My inputs lookes like:
"message" => "ERROR | [default task-55] my.package.className(Class.java:184) | - logstash-ERROR LOG\r",
my logstash configuration:
filter {
grok {
match => {"message" => "%{WORD:logLevel} | %{WORD:task} %{WORD:callfrom} | - %{WORD:logmessage}"}
}
}
my config xml file for log4j:
<?xml version="1.0" encoding="UTF-8"?>
<Configuration xmlns="http://logging.apache.org/log4j/2.0/config">
<Appenders>
<File name="FILE" fileName="logfile.log" append="true">
<PatternLayout pattern="%p | [%t] %l | - %m%n"/>
</File>
<Console name="STDOUT" target="SYSTEM_OUT">
<PatternLayout pattern="%p | [%t] %l | - %m%n"/>
</Console>
</Appenders>
<Loggers>
<Logger name="com.memorynotfound" level="debug"/>
<Root level="info">
<AppenderRef ref="STDOUT"/>
<AppenderRef ref="FILE"/>
</Root>
</Loggers>
</Configuration>
in kibana i see that the logLevel is ok, i get the proper loglevel but the other words i cant get, what i missed from the filter?
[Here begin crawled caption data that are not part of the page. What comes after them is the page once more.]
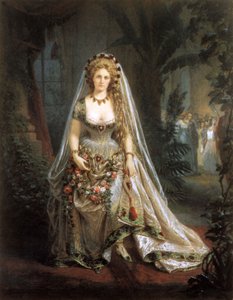 ハートの女王としてのカスティリオーネ伯爵夫人、ピエール・ルイ・ピアソン（1822-1913）1861-63（ガッシュで上塗りされた塩紙のプリント）による写真の後 作： Aquilin Schad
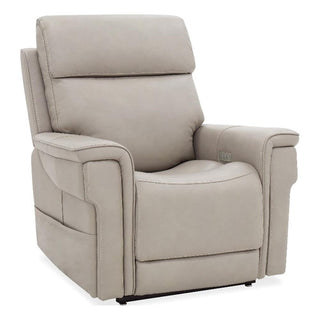 Lyra Lift Chair with Power Recline Headrest and Lumbar in Gray Leather by Hooker Furniture Corporation – unspecified, Leather, Grey, Model RC622-PHLL4-091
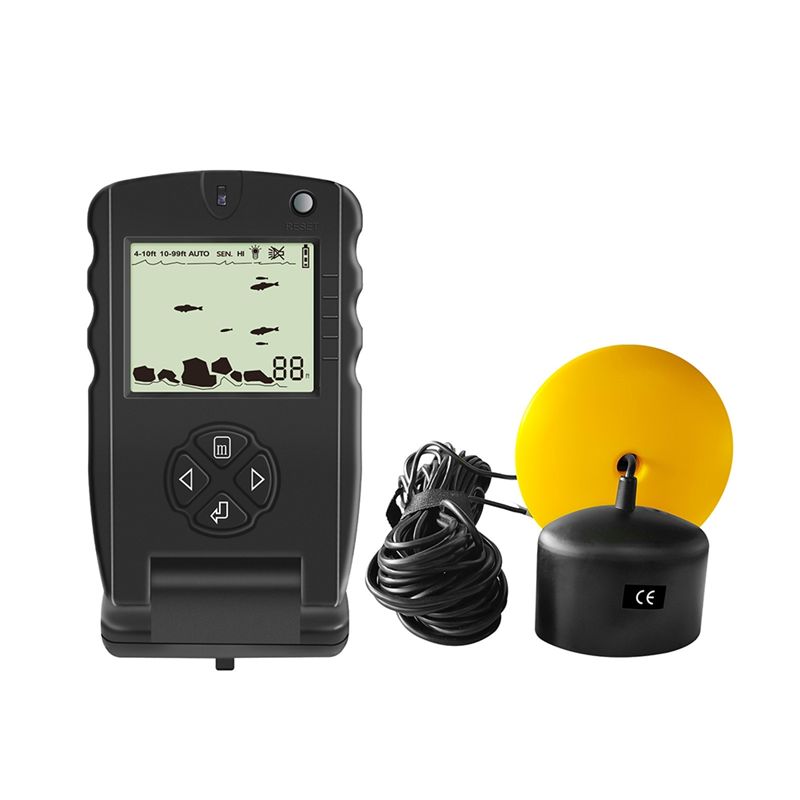 Fishing Depth Finder - New Portable Fish Finder, Ice Fishing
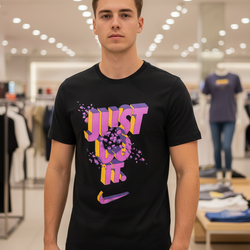 Just do it Purple Print Nike T Shirt
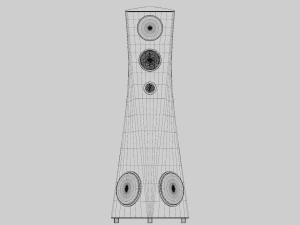 Heim-Audio-Tower-System 3D Modell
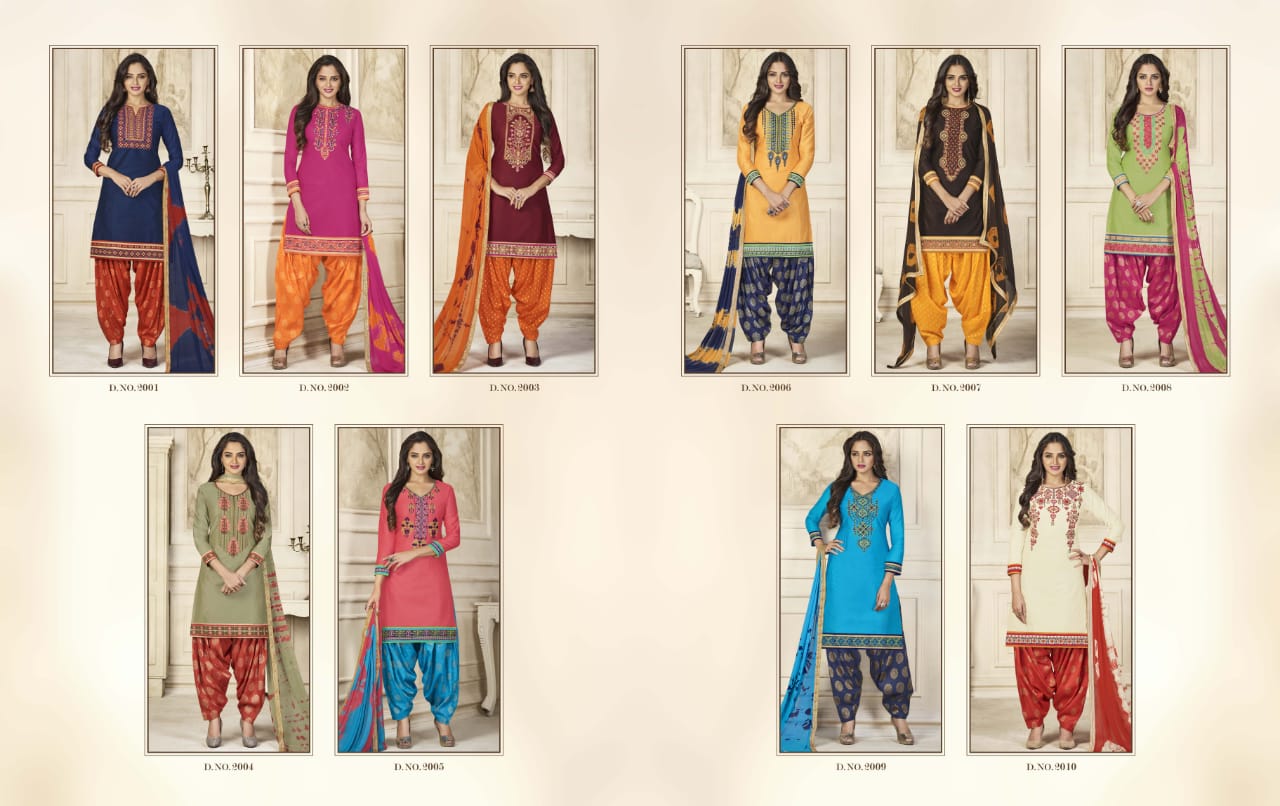 Aarya By Jinesh Nx 2001 To 2010 Series Beautiful Patiyala Suits Designer Colorful Stylish Fancy Colorful Party Wear & Ethnic Wear Glace Cotton Dresses At Wholesale Price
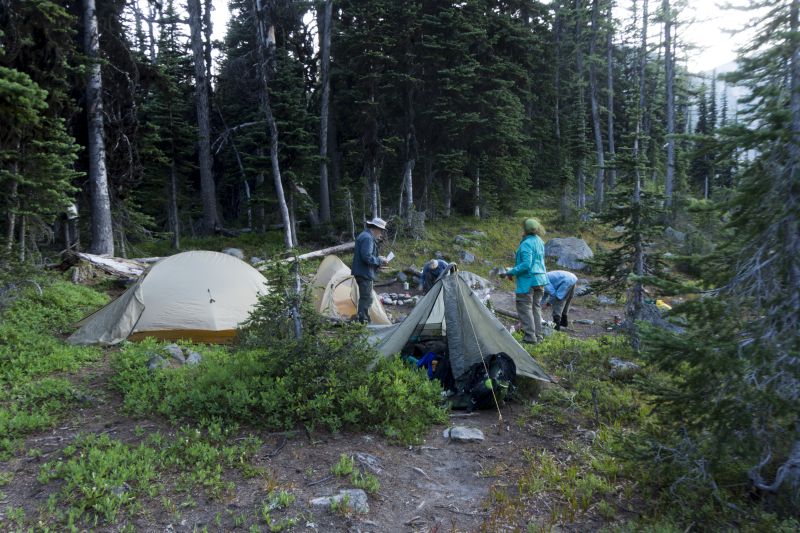 And camp at Silver Pass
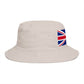Union Jack Bucket Hat — British Flag Cotton Sun Hat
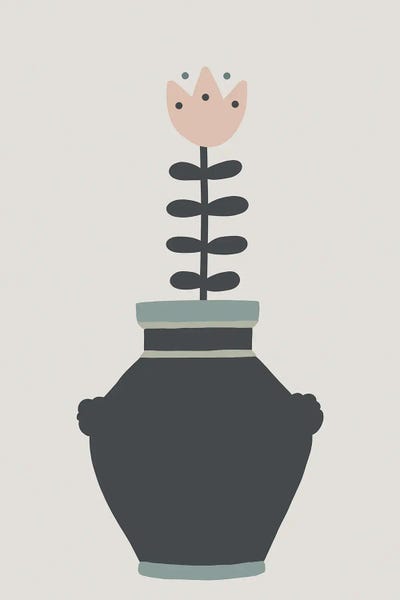 Inspired Plant Pot Stone Boho by Pixy Paper canvas print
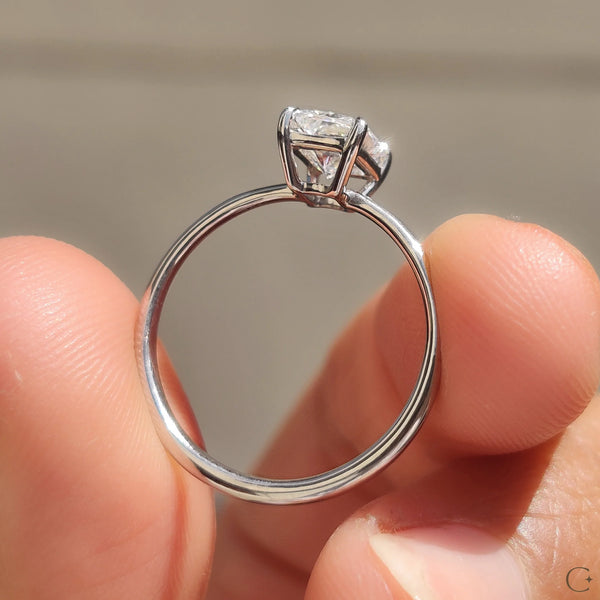 1.0 CT Radiant Solitaire Style Lab Grown Diamond Engagement Ring - 03 e2752c6f 509b 4203 9bac 0d3854b4820b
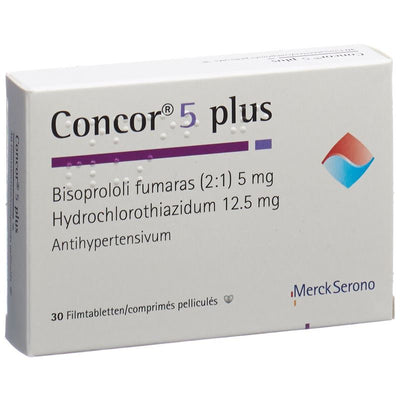 CONCOR 5 plus Filmtabl 5/12.5 mg 30 Stk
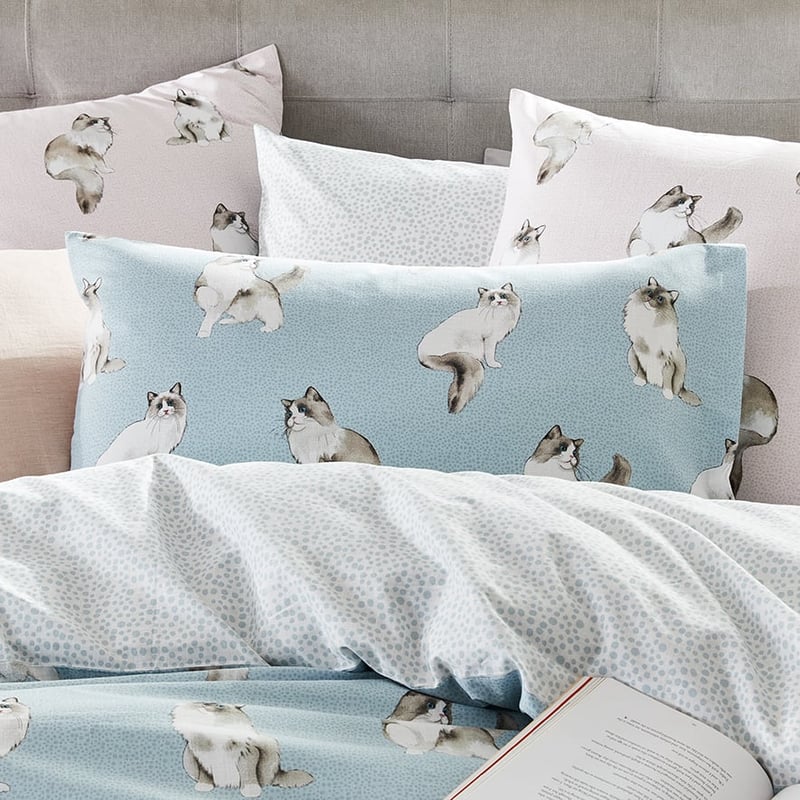 Ragdoll White Quilt Cover Set + Separates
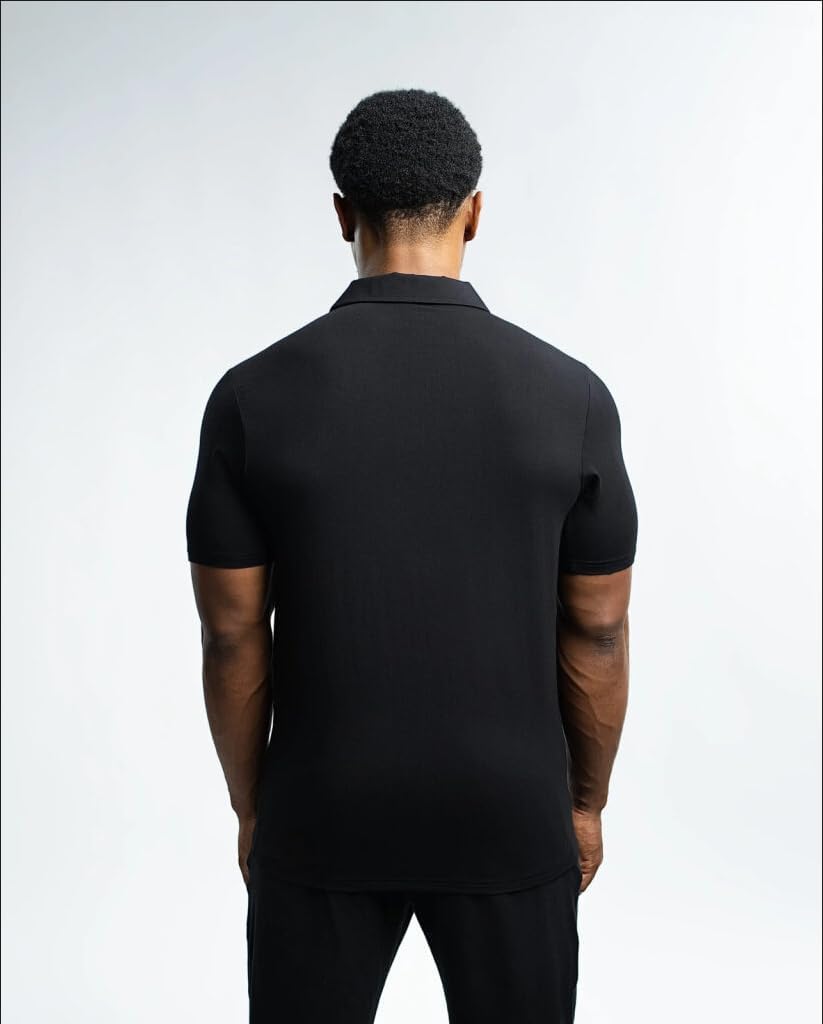 Ekkovision Ekko Blank Polo for Men, Short Sleeve Shirt, Soft, Stretchy, and Breathable Fit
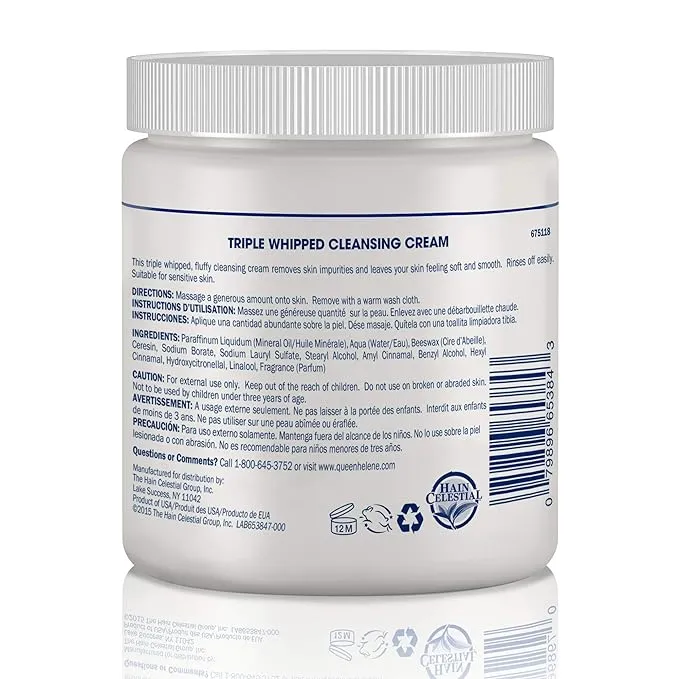 Queen Helene Triple Whipped Professional Cleansing Cream - 15 oz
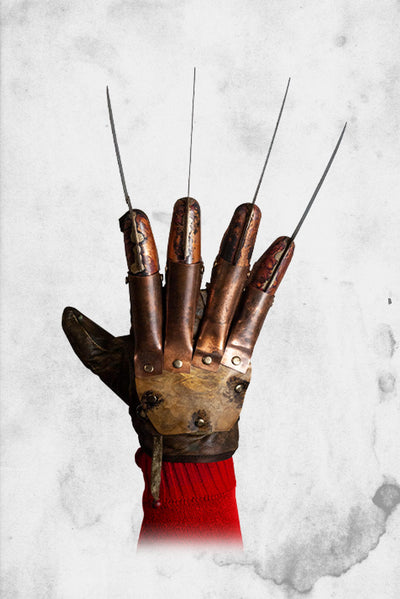 Freddy glove nightmare kreuger replica metal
Thanks for the helps!
UPDATE
I tried this code:
^(%{WORD:logLevel}) (%{TASK_PATTERN:task}) (%{CLASS:callfrom}) (%{GREEDYDATA:logmessage})$
with my custom pattern:
TASK_PATTERN (^\[.*\]$)
CLASS .*\)
but yet it is find just the loglevel
It is probably possible to get even more specific than this, but according to grokconstructor, the following works:
%{WORD:level} \| \[%{WORD:task} %{NOTSPACE:callfrom}\] %{DATA:javaclass} \| - %{GREEDYDATA:message}
Remember, any unmatched characters such as | or [ still need to be accounted for within the grok. Also, these patterns are a good reference point for what you can do for free.